When city businesspeople and Birmingham Barons (Class AA; Southern League) owners pitched a new ballpark, they estimated it would generate $500 million in new investment. A million fans later, and the economic plan is four years ahead of schedule with cranes dotting the skyline.
The Barons were rolling along at Regions Park — now the Hoover Met — when realtor Robert Simon, president of Corporate Realty, had seen how cities of Birmingham’s size were using MiLB ballparks as an economic tool, and decided the same thing could happen in Birmingham. Team owner Don Logan was quickly on board, and a economic-development analysis was prepared, predicting some $500 million in new development over the next decade or so.

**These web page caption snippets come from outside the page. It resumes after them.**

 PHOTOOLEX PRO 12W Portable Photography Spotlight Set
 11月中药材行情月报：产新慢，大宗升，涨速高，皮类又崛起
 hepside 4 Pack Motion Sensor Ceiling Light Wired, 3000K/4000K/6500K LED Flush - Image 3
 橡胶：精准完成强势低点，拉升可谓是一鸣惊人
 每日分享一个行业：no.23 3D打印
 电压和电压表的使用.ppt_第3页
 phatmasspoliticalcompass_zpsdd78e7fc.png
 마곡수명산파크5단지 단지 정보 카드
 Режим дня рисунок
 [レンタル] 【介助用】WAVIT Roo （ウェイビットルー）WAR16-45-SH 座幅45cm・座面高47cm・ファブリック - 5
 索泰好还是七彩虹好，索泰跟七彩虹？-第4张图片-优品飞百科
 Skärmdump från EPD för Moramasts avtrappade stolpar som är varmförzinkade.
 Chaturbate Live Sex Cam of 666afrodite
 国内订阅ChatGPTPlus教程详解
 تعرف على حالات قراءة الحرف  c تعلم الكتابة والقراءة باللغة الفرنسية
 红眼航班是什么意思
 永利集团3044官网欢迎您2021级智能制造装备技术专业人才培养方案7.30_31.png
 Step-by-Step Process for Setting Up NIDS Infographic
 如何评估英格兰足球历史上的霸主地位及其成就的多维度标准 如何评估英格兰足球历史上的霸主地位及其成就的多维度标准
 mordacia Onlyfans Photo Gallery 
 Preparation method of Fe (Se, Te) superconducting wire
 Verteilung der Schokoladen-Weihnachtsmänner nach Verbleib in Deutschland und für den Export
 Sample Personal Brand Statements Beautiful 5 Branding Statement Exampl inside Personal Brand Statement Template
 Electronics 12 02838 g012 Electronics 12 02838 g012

Now, with the ballpark open and a million fans through the Regions Field turnstiles, the area around the ballpark is a boomtown, and the development calendar laid out in the economic-development analysis is running four or so years ahead of plan. It’s a virtuous circle running through the team, the city an developers. From AL.com:
But the impact isn’t just on the baseball field and in the stands. It’s in the space around the park, towering cranes hint at things to come within a few blocks of home plate: apartment developments, more retail space and the Negro League Museum.
“In 2013, when we moved down here, I think people certainly saw it as a sign of great things happening in Birmingham,” Barons General Manager Jonathan Nelson said. “When they came down in 2015 one of the things we promoted was all of the active construction sites within a four or five block radius of Regions Field.”
The growth of the Parkside district was one of the reasons Simon pushed for the ballpark to begin with. His company, Corporate Realty, has had a hand in more developments in the area. They’re currently working to turn the former Merita Bakery building into restaurant and office space.
Meanwhile, the Barons posted their sixth sellout of the season Saturday night with a crow of 8,500.